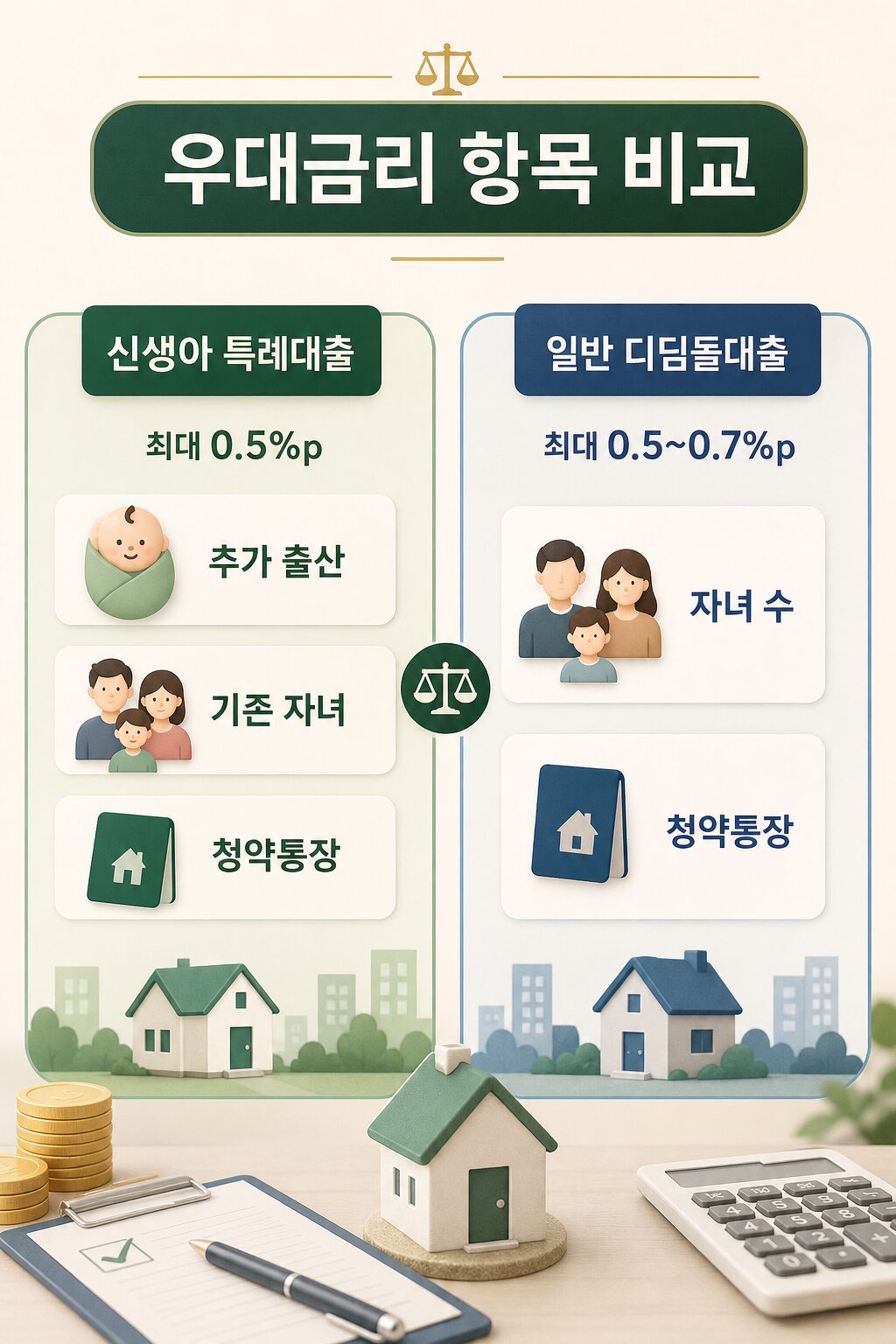신생아 특례대출 vs 디딤돌대출 금리·한도·조건 완벽 비교 1 3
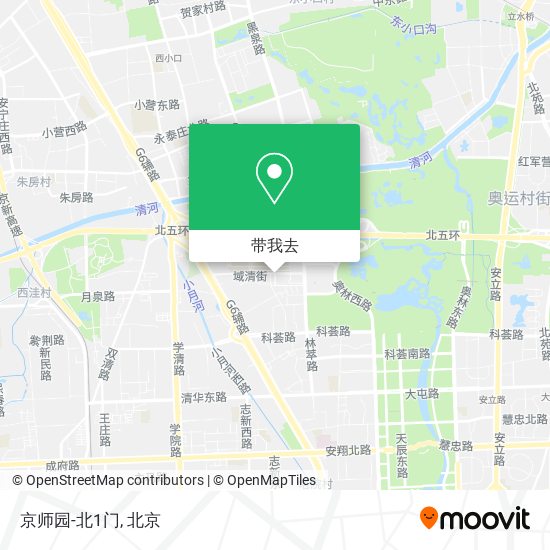 京师园-北1门地图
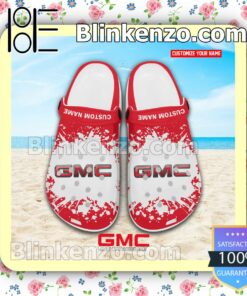 GMC Logo Crocs Sandals a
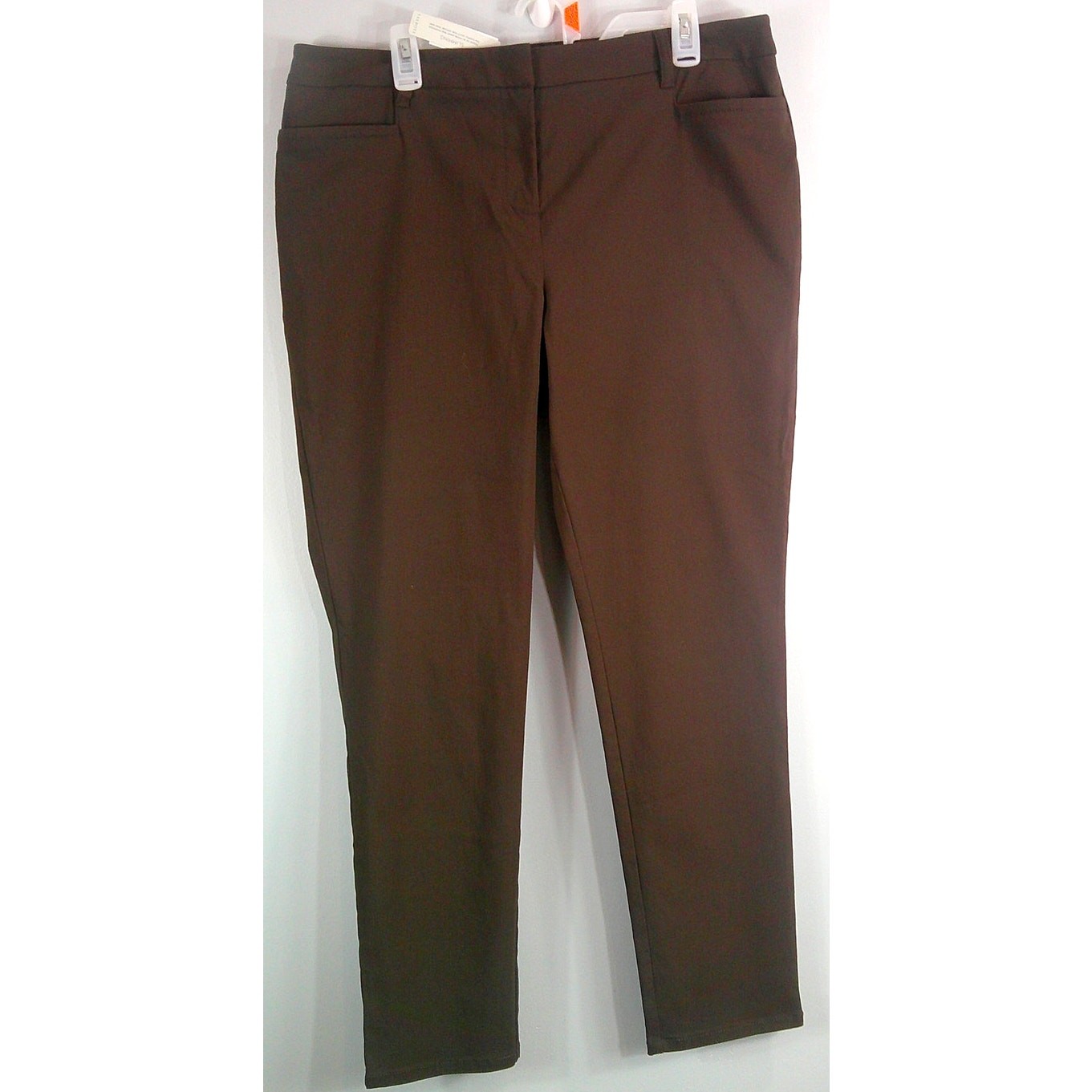 Talbots Slimming Pants Women's 16 Brown NEW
******
**ACTIVITY:** In your copy, omit the pictures and restate every line of the data word for word.

**ANSWER TO THIS TASK:**
신생아 특례대출 vs 디딤돌대출 금리·한도·조건 완벽 비교 1 3
 京师园-北1门地图
 GMC Logo Crocs Sandals a
 Talbots Slimming Pants Women's 16 Brown NEW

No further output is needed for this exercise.